I think I’d like to dwell here in my self indulgent misery for another day and then I’ll take positive steps toward putting some colour back into my days.

Today I stayed in bed until 5pm.

There were storms about so I avoided the pool.

At lunch time, I shelled the remaining crab and stuffed my face.

I wrote a very long message to a friend who wanted some information and when I was 3/4 of the way through it (that took me 40 minutes) my battery went dead and I lost the entire thing. My motivation to retype it was at zero level so she still hasn’t received the info.

At 4pm I received a phone call from The Motivator and we chatted for an hour.

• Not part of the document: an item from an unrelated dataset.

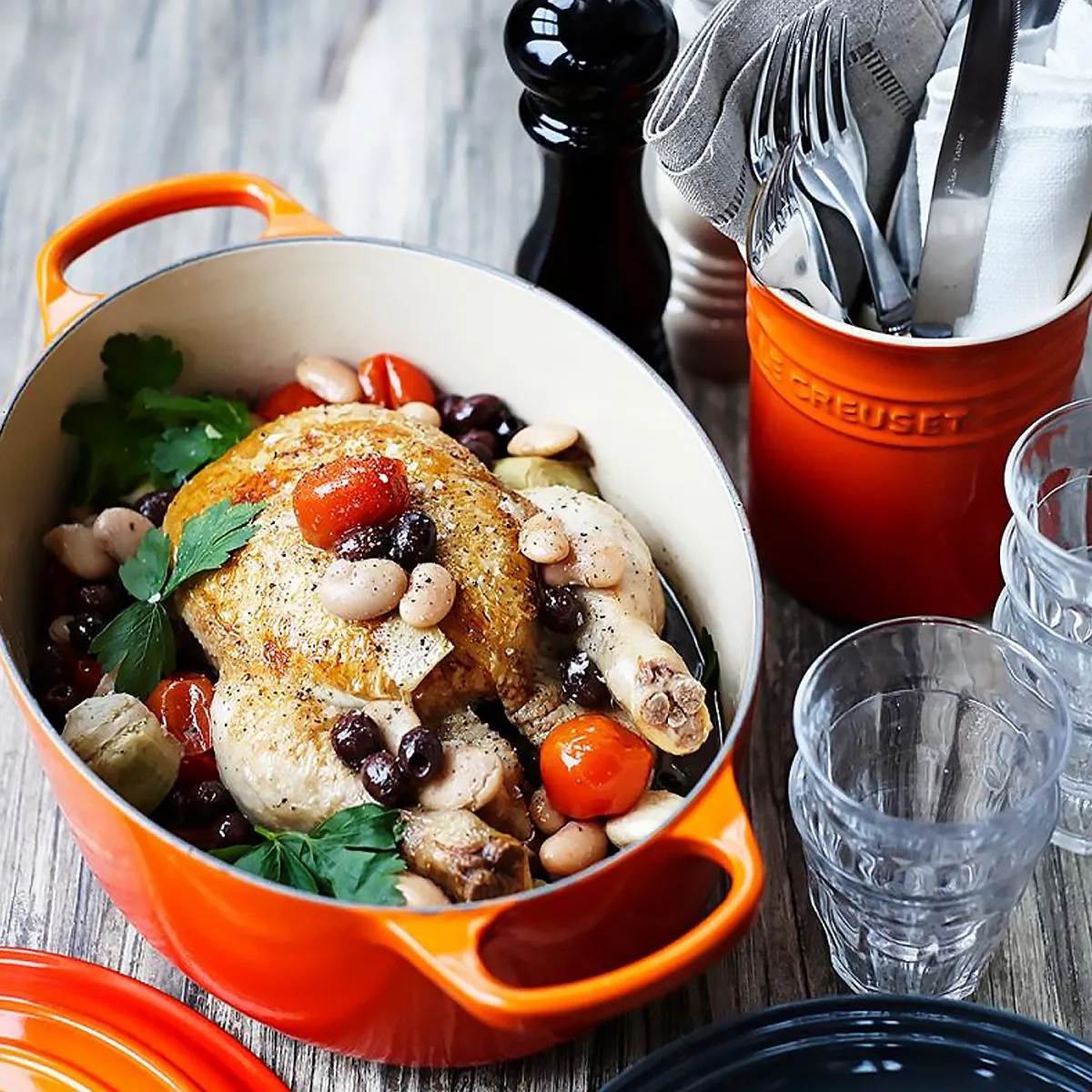 LeCreuset Кастрюля овальная 31см 6,3л оранжевая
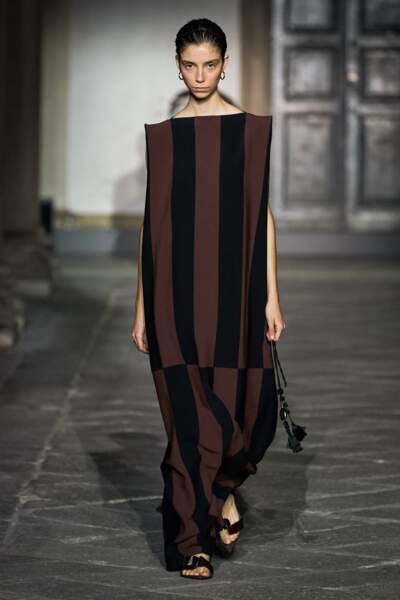 Jil Sander nous donne à voir une autre vision de l'épaule XXL, pour une robe sculpturale.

I made ham and salad for dinner and we watched the 2nd Matrix movie - which consisted of many long laborious choreographed fight scenes and car chases. It was everything it’s fans warned me it would be but I persisted because I want to watch all of the Matrix movies in succession - but not in one day.

And by “it’s fans” I mean Number One Son and Beautiful Girl With Long Blonde Hair.

We watched a 2nd movie “A Street Cat Named Bob” which was very nice and had a warm and fuzzy ending … until the credits ran and it said “In Loving Memory of Bob The Cat” ugh 😩 

It’s now almost midnight so it’s sleep time for me.




Nite all.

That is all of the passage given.